私たちキズキビジネスカレッジ(KBC)は、ADHDのある大人のための就労移行支援事業所です。
- 病気や障害があっても、KBCでは初任給は38万円も
- 通常52%の就職率が、KBCでは約83%
- 通常約1年半かかる就職内定が、KBCでは平均4ヶ月
新宿・横浜・大阪に校舎があり、障害者手帳がなくても自治体の審査を経て利用することができます。遠方の方は、日常的にはオンラインで受講しながら(※お住まいの自治体が認めた場合)、「月に1回、対面での面談」を行います。詳しくは下記のボタンからお気軽にお問い合わせください。
目次
大人のADHDとは?
この章では、ADHDの主な特性・長所、大人のADHDについて簡潔に解説します。(参考:岩波明『大人のADHD:もっとも身近な発達障害』、榊原洋一『図解 よくわかる大人のADHD』)
大人のADHDの概要
ADHDは、以前は子ども特有の発達障害と考えられていました。しかし、2013年にアメリカ精神医学会の定める『DSM-5精神疾患の診断・統計マニュアル』で成人のADHDが規定されたことで、近年では職業や仕事の進め方に悩んでいる大人のADHDが注目されています。

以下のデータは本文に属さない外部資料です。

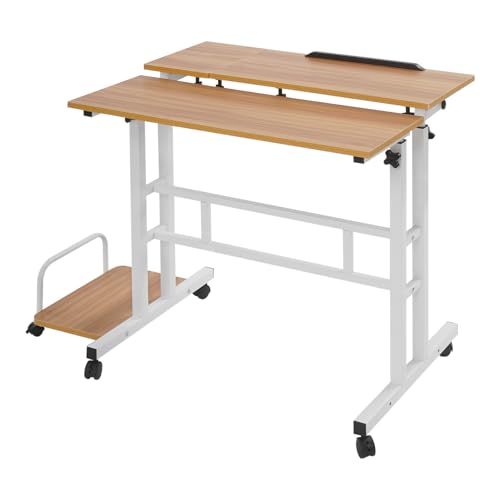 UHDUIG Multifunktionaler Klappbarer Schreibtisch Höhenverstellbarer Schreibtisch mit sechs Universalräder für Schlafzimmern, Wohnzimmern, Kinderzimmern (Light Walnut+White) von UHDUIG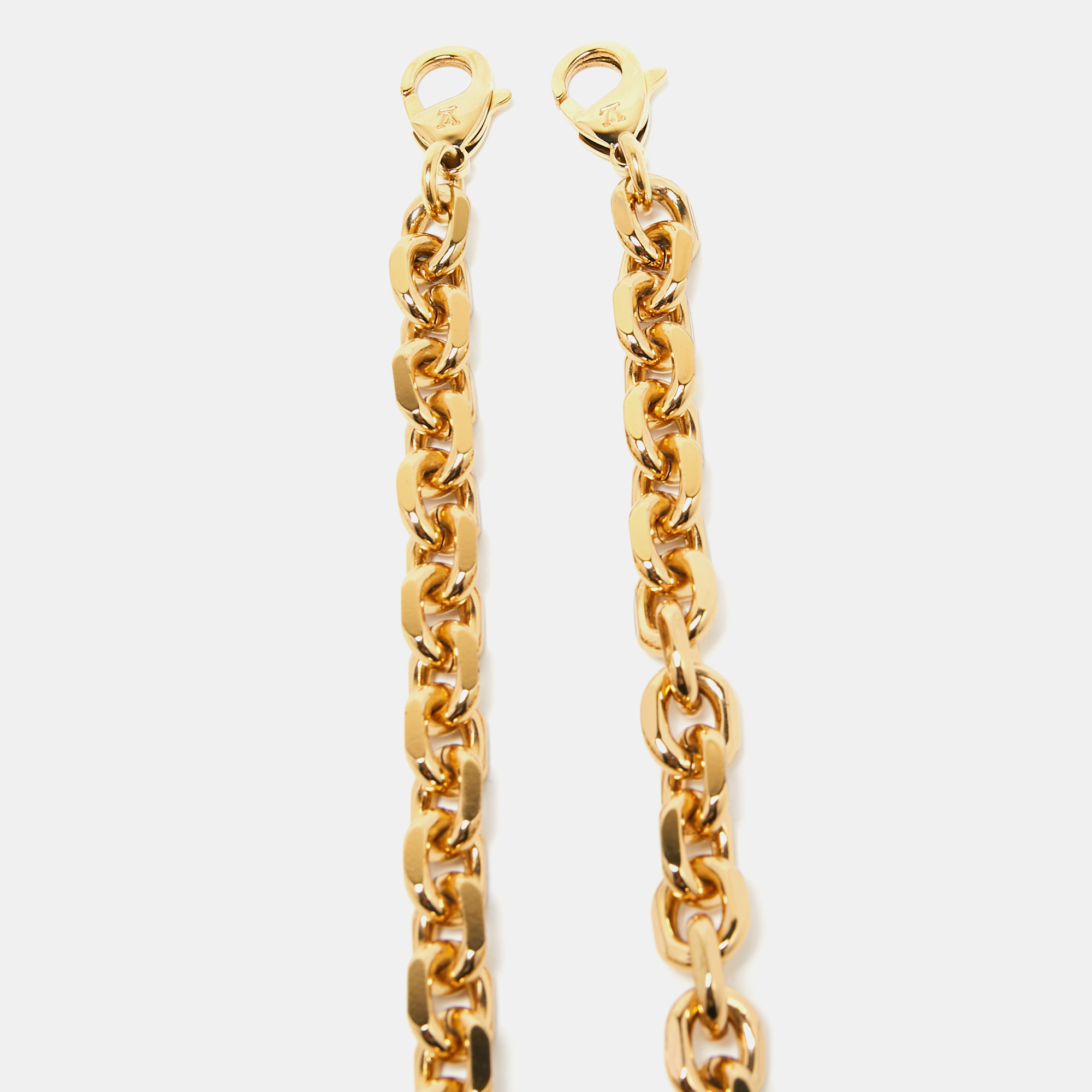 

Louis Vuitton Gold Chain Link LV Logo Wrap Waist Belt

大人のADHDとは、生まれたときからADHDだったが、大人になってからADHDだと気づいた状態のことを指します。「大人になってからADHDになった」わけではない点に注意が必要です。
就職後に正確な処理・確認作業・管理業務を求められるようになったことで、ADHDの特性があることに気付いたという人は少なくありません。
現段階で診断を受けておらず、「自分もADHDではないか」と疑っている方は、「発達障害者支援センター(全国の一覧はこちら)」のような支援機関に相談することをオススメします。必要であれば、病院・クリニックでの検査も受けましょう。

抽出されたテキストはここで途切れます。